In a world of posts and tweets, photos and short videos, an hour-long, linear, one word after another medium is a place where I can go and engage in some attention-span muscle building. Personally, while attending a Clubhouse or a Twitter space, I rarely multi-task: I sit down, put on my big headphones, and listen and take notes. I know some people (maybe most) are engaged less attentively, but the opportunity is there to use the session as a way to help you firm up your attention span. 

6. Anything can happen

Unlike podcasts, in live social audio, what you are listening to is happening in real-time. One of the most compelling aspects of this real-time happening is that anything can happen. The element of surprise and serendipity are real.
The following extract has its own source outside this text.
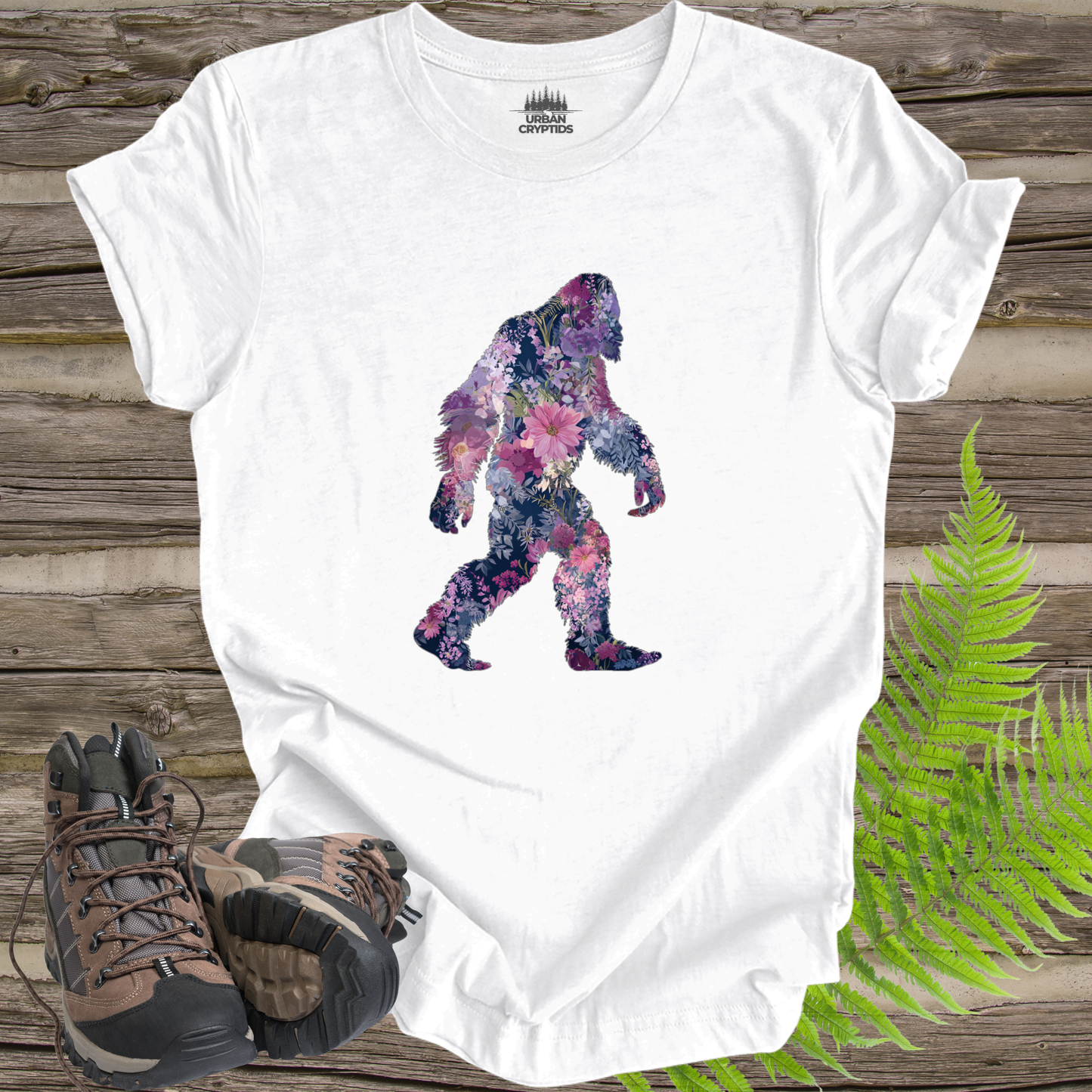 Floral Bigfoot T-Shirt | Wildflower Sasquatch Silhouette Graphic Tee | Nature Lover Cryptid Shirt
You don’t always really know where the conversation will go next. 

7. A communal experience

As we voice our thoughts, we are in a real sense riding time, and those who are listening to us are also riding that same time together with us. We are in a concrete way experiencing the human condition collectively. This is something that was how TV was consumed for the longest time, until the rise of on-demand TV. This then enables you to, later on, chat about what happened with other people who attended the session, and, crucially, chat about it as an event rather than as static content. Such togetherness can only bring us closer to each other.

8. The fear of missing out

A social audio session is an event: it is time-boxed and if you don’t attend it, you will miss it. In cases where the session is recorded, you may be able to listen to the content. But it is still the case that you missed the opportunity of experiencing the event in real-time. It is the difference between watching a football game live and watching a rerun of that game. 
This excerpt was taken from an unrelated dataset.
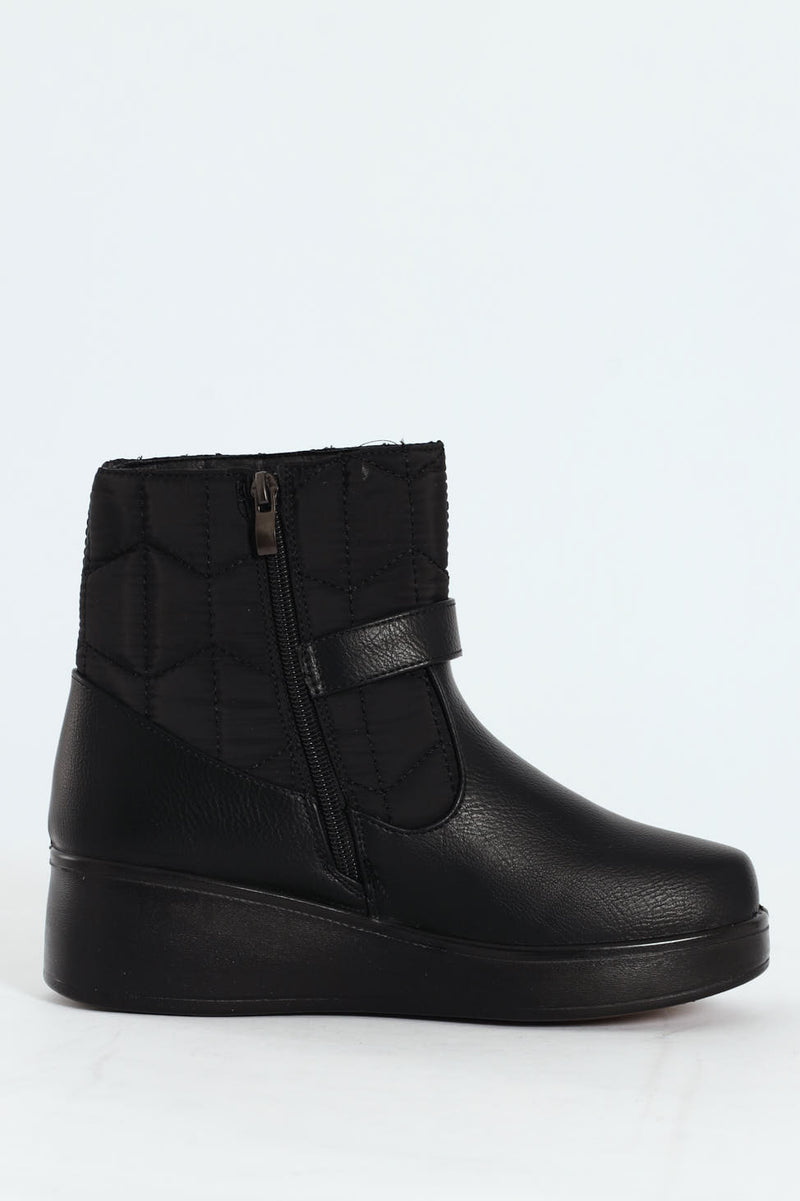 Yasmeen Quilted Buckle Wedge Ankle Boot - Black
9. No evidence left behind

At least for those sessions that are not recorded, you can participate, blunder, say something stupid that you regret having said, and when the session is over, you don’t have to worry about people experiencing the ugliness again (and you hope that the memory of your blunder will fade away with time). This will give you a bit of pluck to step up to the mic and speak up. To be sure, this aspect of social audio – no evidence left behind – can be abused: people can be mean, insulting, demeaning, behave in a bigoted way, or worse. 

Most people are kind and considerate, and hence the medium works far more as a stimulator of folks to speak up and express themselves than as a tool to be abused by those who mean to do harm, 

10. You can be part of the show

Unlike a podcast, you, simply an anonymous listener, can become an active participant: very much like a magic act where members of the audience are invited on stage to be part of the show. In fact, while on stage, you have the power to take the conversation somewhere else, if that somewhere else is interesting to the moderators and the audience. I will never tire saying this: Marshall McLuhan was right, and he keeps being proved right: The medium is the message.